The subject always referred to the blue and green aliens; solely alien color (blue vs. green) and syntactic number and person (3SG vs. 2PL) varied systematically in order to create different trial conditions (see below). Blue aliens were called Blaulis (“bluelies”; 3SG: der Blauli-Ø; 2PL: ihr Blauli-s), and the green ones were called Grünlis (“greenlies”; 3SG: der Grünli-Ø; 2PL: ihr Grünli-s). Der is the 3SG determiner (nominative, masculine); ihr is the 2PL personal pronoun nominative, combined with the referent noun in apposition. Both der and ihr thus carry number information, as does the noun’s suffix (-Ø SG or -s PL). On pictures involving one alien, Anna would look toward the participant, as if talking about this alien (using 3SG); on pictures involving multiple aliens, she would look toward them, as if talking to them (justifying the use of 2PL).
All sound recordings were spoken by the experimenter, a female High German native speaker. She applied a rather slow pace (roughly 3.3 syllables per second; see Fernandez et al., Reference Fernandez, Engelhardt, Patarroyo and Allen2020) and stopped briefly after each sentence subcomponent (see Figure 2) to avoid coarticulation. All subcomponents were edited to have exactly the same duration across all trials; care was taken to remove all gaps between the different subcomponents within each sentence.
Main task design
All trials involving strong items systematically varied in the number of the target referent (SG vs. PL), and in the number displayed on the two pictures (same vs. different number). There were thus four possible trial types: (a) different-number pictures, SG target; (b) different-number pictures, PL target; (c) same-number pictures, SG target; and (d) same-number pictures, PL target (see Figure 1). In same-number trials, the only parameter differing between both pictures was alien color. All 32 strong items were only shown once to each participant, in one of the four trial types. This was counterbalanced between participants, using a Latin square rotation: if an item was shown to one participant in trial type a, the next participant would get the same item in type b, etcetera. Target alien color (blue and green) and target picture location (left and right) were counterbalanced over the four trial types.
To measure predictive processing, we distinguished two main trial conditions. Different-number trials were the prediction trial condition, in which the verb’s stem vowel represented the first reliable cue for target subject number. Same-number trials were the baseline trial condition: as number was not contrasted, the number information encoded in the verb was not informative; instead, participants were obliged to wait for the subject NP, providing the disambiguating color cue. We used a pseudo-random trial order: trials appeared in a new, random order for each participant, but there could never be two strong items in a row.
Familiarization task
An online, untimed familiarization task, taking place one week prior to the experiment and taking about 45 minutes to complete (see Procedure), introduced the participants to the materials of the picture-matching task. Our goal was to prevent any difficulties at the level of comprehension or interpretation during the picture-matching task, thereby maximally reducing the potential impact of external factors on processing and eye movements; furthermore, it also served as a production premeasure of the test verbs.
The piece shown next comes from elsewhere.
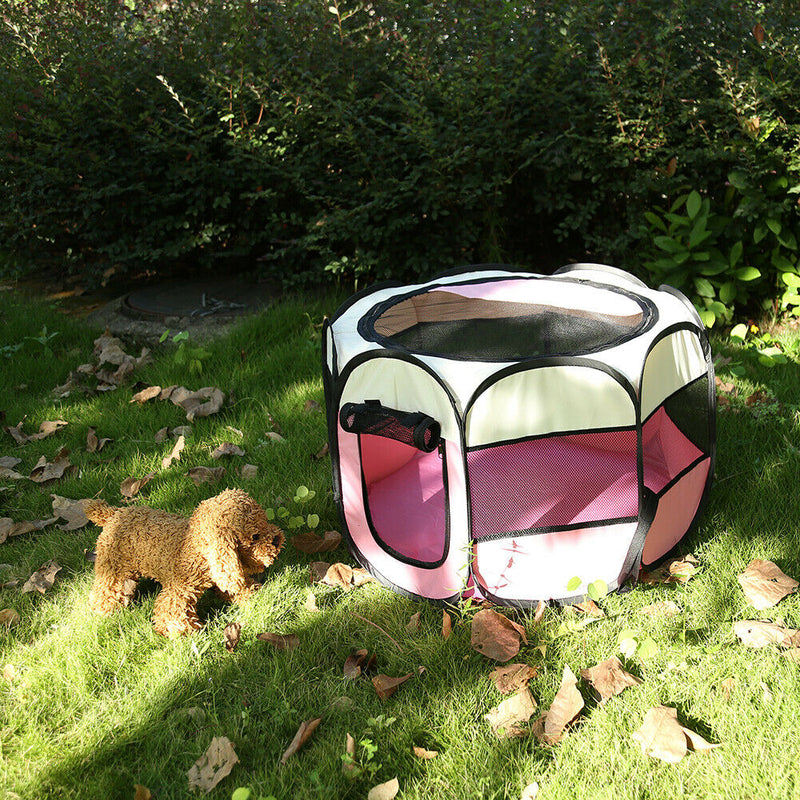 Portable Folding Pet Tent Oxford Dog House Cat Cage Zipper Kennel (Pink)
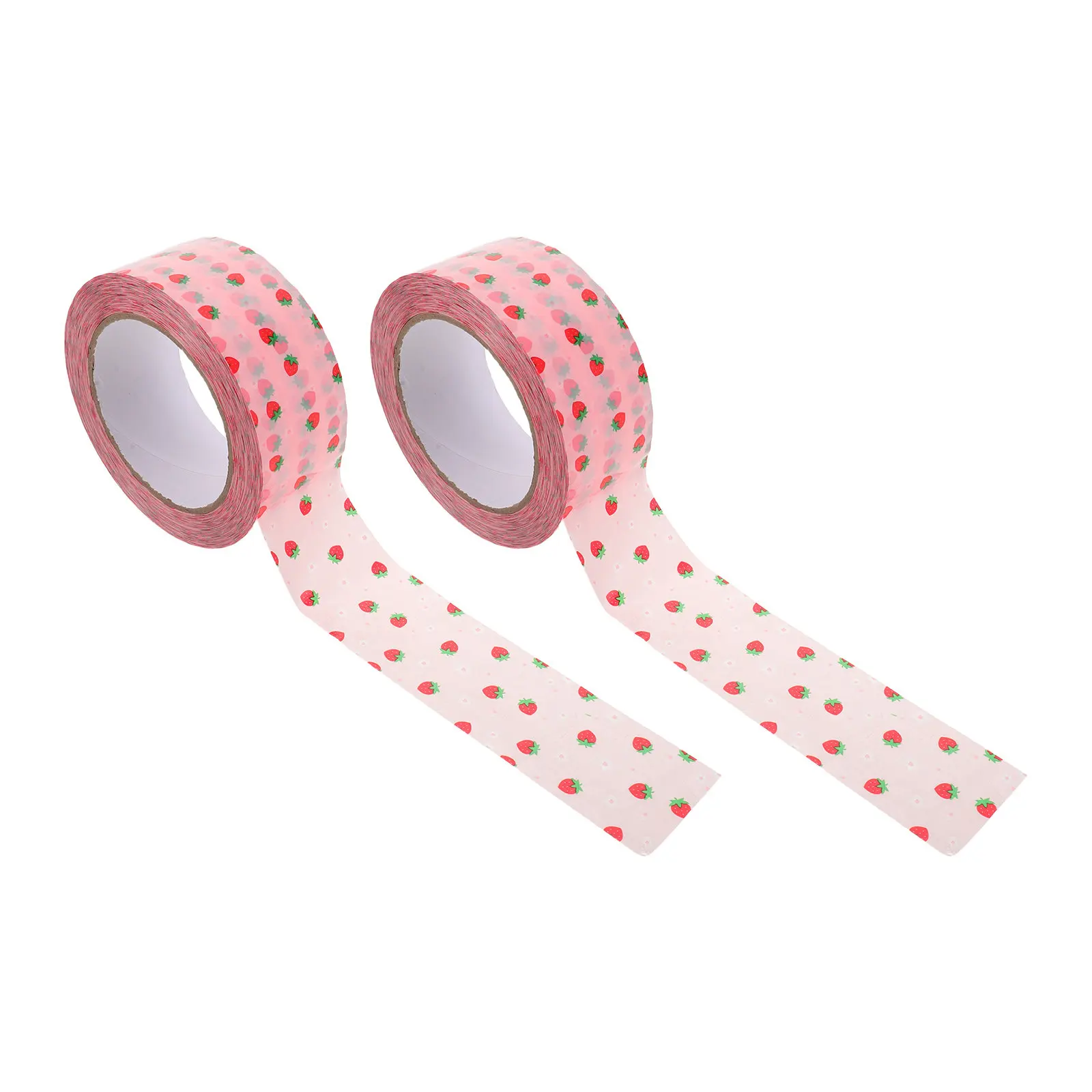 2Pcs Strawberry Printed Packing Tape Cute Patterned Carton Sealing Tape for Boxes Gift Wrapping Parcel Packaging 109 Yards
The participants saw 96 pictures, one per verb and presented one by one. The pictures always showed a singular alien carrying out an action and also included the German labels of the verbs and objects (see Figure 3). The participants’ task was to write brief descriptions of each picture in German, using the labels (but no further linguistic aids).
Operation span task
During the experimental session in the laboratory, we administered the operation span task by Klaus and Schriefers (Reference Klaus and Schriefers2016, www.socsci.ru.nl/memory/) as a measure of working memory capacity. The online test had a duration of about 12 minutes. Instructions were provided in the participants’ L1. The participants judged the correctness of mathematical equations while memorizing series of two to six digits, presented to them in 14 blocks of two to six trials. Cronbach’s alpha for the 14 test blocks was .77. The mean of the percentage of correctly recalled digits per test block represented the participants’ operation span score (see Zheng & Lemhöfer, Reference Zheng and Lemhöfer2019).
Awareness interview
We administered an extensive, carefully structured retrospective interview immediately after the second picture-matching task, following the guidelines of Rebuschat (Reference Rebuschat2013). The protocol is available in the supplementary materials (https://osf.io/vjcmz/). The experimenter started by asking general questions about how the participants had experienced the eye tracking task. She also invited the participants to report what they thought the experiment was about, and whether they had used any strategies. She then asked increasingly specific questions about language, first inquiring about the general role of grammar in the experiment, and eventually asking questions about verb form and its predictive function. The participants of the L2 group were also asked to provide information about their prior knowledge of German strong verb conjugation.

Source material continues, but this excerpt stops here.